◆ **What is needed**
Nothing but the lines from the first line of the entries through the line with "新品タグ付　cheri since1985 ダウンベスト　ブラック" should appear in the answer, transcribed exactly and free of pictures.

━━━ Material for this exercise

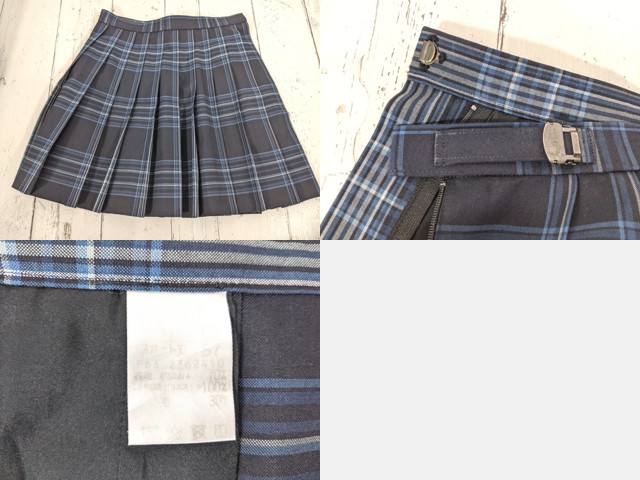 c01 大阪府立住吉高校 校章+ブレザー+長袖シャツ+セーター+夏服・冬服スカート+リボン/yt4695【17WOC】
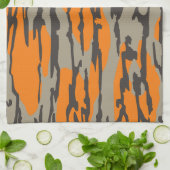 Oranje Camo Bottomland Camo Pattern Theedoek (Gevouwen)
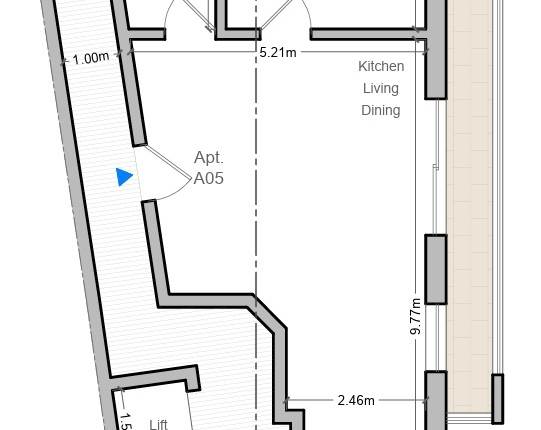Santa Venera - 1 Bedroom 2nd Floor Finished Apartment On Plan 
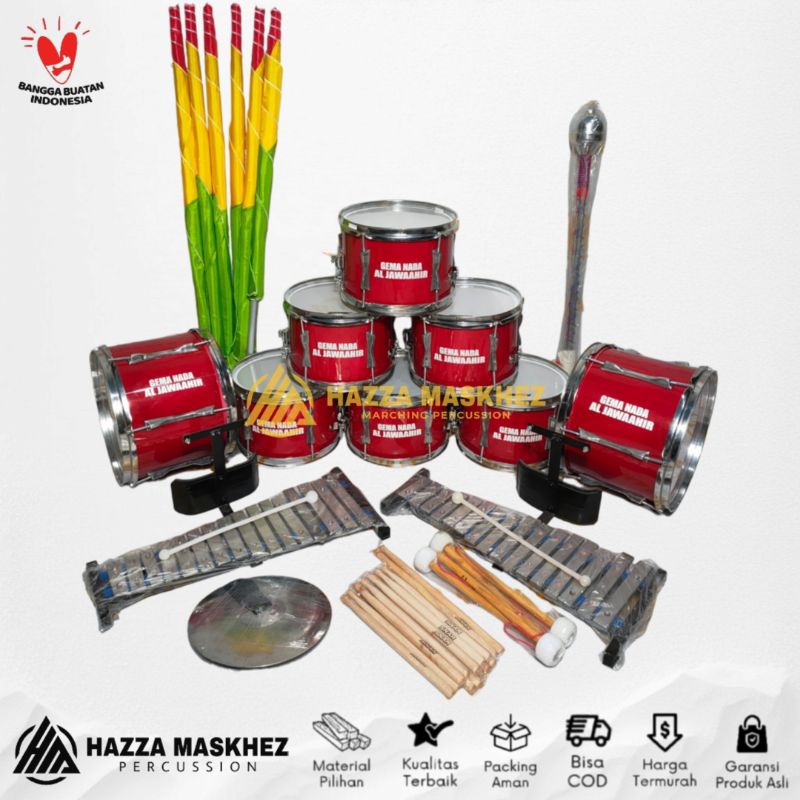 Drumband Anak TK PAUD RA Full Set Lengkap 18 Personil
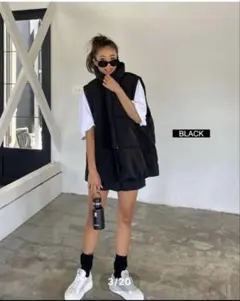 新品タグ付　cheri since1985 ダウンベスト　ブラック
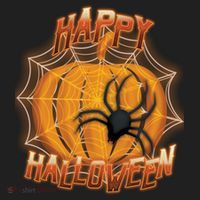 Happy Halloween Spiderweb Pumpkin Beanie thumb 2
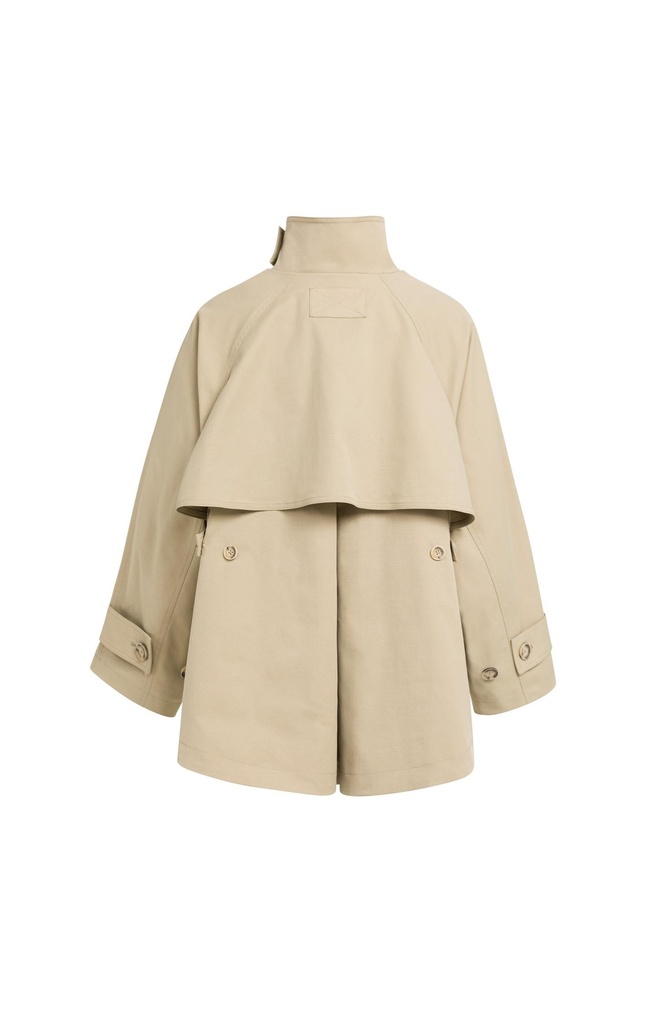 Veste trench à la coupe évasée et au col montant - YAYA - Olive Gray Green — vue 15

━━━━━━

◆ **Exercise response**
 c01 大阪府立住吉高校 校章+ブレザー+長袖シャツ+セーター+夏服・冬服スカート+リボン/yt4695【17WOC】
 Oranje Camo Bottomland Camo Pattern Theedoek (Gevouwen)
Santa Venera - 1 Bedroom 2nd Floor Finished Apartment On Plan 
 Drumband Anak TK PAUD RA Full Set Lengkap 18 Personil
 新品タグ付　cheri since1985 ダウンベスト　ブラック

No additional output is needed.